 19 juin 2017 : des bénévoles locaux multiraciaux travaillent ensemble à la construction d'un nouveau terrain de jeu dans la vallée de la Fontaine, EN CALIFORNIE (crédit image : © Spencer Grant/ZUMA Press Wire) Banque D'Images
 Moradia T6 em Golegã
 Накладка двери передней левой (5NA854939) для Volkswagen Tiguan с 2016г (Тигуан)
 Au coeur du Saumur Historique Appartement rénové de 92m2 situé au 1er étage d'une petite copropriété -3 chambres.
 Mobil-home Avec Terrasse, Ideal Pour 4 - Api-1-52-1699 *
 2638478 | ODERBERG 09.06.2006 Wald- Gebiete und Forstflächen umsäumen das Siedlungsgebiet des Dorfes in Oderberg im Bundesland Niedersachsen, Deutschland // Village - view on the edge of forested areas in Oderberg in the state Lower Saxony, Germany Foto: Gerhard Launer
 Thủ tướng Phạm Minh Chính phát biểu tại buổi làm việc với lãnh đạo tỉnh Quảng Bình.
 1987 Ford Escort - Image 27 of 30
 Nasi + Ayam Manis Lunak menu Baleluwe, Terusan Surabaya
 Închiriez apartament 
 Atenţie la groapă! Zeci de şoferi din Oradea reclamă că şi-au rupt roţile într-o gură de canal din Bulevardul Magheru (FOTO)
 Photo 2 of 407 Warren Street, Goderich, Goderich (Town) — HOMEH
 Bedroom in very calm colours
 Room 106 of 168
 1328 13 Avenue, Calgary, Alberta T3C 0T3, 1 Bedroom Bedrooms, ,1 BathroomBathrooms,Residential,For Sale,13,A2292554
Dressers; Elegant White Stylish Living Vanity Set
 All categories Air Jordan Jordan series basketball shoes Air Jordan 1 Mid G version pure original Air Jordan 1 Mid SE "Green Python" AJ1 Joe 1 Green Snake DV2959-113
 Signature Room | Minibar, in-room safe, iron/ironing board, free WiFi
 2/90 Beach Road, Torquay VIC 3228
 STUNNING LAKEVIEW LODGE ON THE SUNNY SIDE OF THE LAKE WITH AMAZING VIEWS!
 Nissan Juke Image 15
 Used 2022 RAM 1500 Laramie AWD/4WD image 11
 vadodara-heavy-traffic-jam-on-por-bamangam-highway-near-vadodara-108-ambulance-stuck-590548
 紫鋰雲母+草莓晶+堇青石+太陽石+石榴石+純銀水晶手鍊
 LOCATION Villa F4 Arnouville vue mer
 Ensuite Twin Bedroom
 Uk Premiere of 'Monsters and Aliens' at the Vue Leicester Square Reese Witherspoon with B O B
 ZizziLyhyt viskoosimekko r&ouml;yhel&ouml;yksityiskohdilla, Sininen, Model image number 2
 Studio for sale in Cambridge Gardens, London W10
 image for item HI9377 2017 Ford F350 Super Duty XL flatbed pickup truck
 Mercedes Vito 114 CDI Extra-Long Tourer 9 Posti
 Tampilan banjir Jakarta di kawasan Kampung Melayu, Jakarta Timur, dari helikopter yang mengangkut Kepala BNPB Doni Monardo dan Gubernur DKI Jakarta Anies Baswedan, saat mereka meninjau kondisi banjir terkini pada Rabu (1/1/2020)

Aim of the exercise: Find all the lines with "Ford" in the data and copy them.

Final answer:
 1987 Ford Escort - Image 27 of 30
 image for item HI9377 2017 Ford F350 Super Duty XL flatbed pickup truck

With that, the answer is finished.